In a shabby-looking old church in Dongsung-dong, Seoul, the cast and crew of the musical “The Happy Prince” recently celebrated the completion of a grueling, five-month long set design project.
They said the show, based on the original story by the Irish writer Oscar Wilde, was hard work but ultimately a rewarding experience. In fact, they were surprised at their own success.
For the past five months, the staff came to work at 10 a.m. and worked for 12 hours a day. “Artists are not usually used to these long, confining working hours,” said the show’s director Lee Young-ran, 41. “It felt as if we were working for a regular company.”
The floor of the church was covered with elephants and pigs during the party, but not the real ones. Animal shapes were cut from writing paper, hanji, which is a traditional kind of Korean paper, and cardboard.
“This is the first-ever musical in the world, including Broadway and the West End, which uses only paper for all the set designs,” said the producer Kim Jong-hun, 40. That’s why the show has been dubbed the “paper musical.”
They made the elephant from cardboard, and a vacant, European-style hut was hand-cut from paper to replicate the texture of authentic materials used for making a real hut. An airy kind of writing paper was pieced together to make a gigantic snowman. Semi-transparent paper was used to create a light and shadow effect. To create the prince’s tears, the tip of a sheet of paper was set on fire, then extinguished, folded and wrinkled.
The team went shopping once every four days to the paper market in Bangsan Market, Jong-no, central Seoul. Two five-ton trucks delivered the items, and altogether 11 different kinds of paper were used in the production.
“For five months, we had endless epiphanies about paper,” Lee said. “I realized things about paper I never knew before.”

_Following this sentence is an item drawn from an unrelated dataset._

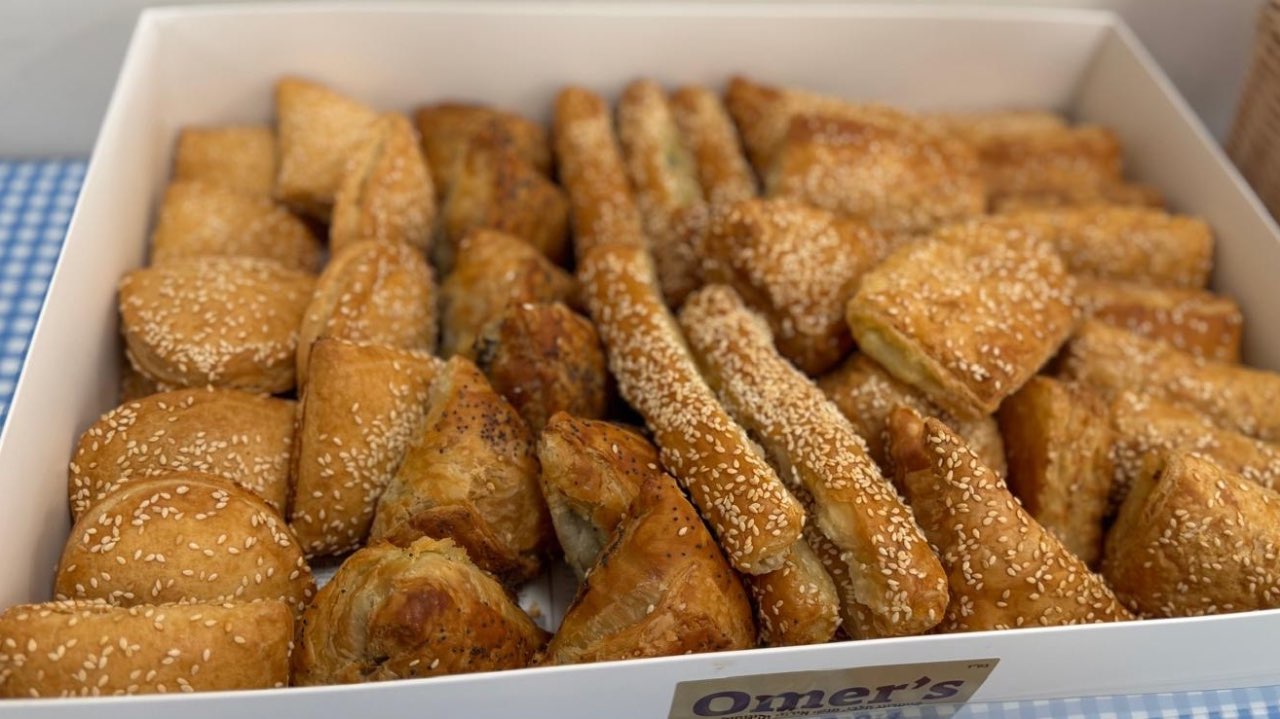 מגש מאפים מלוחים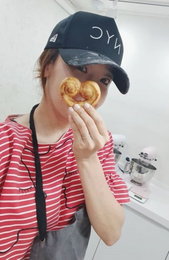 소유진, 빵 만들기 실력도 수준급…"엄마랑 함께 빵 배우고 만드는 시간"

A house made with paper by “The Happy Prince” set designers.

Another noteworthy aspect of this musical is the detailed production plan, a rarity for local plays. The idea for this musical came up last October when Kim saw the Japanese production of “The Lion King.”
“I wanted to produce a creative musical which had this kind of experimental stage design,” Kim said.
A first draft of the script was completed by April. After that, the design team worked on the set.
Next June, mock productions of the play will be staged with amateur actors for two months. In October, there will be two weeks of “try-out performances” in rural areas. The Seoul debut is slated for early 2009.
“If the quality of the production is not what we had in mind, we can delay the Seoul debut,” Kim said.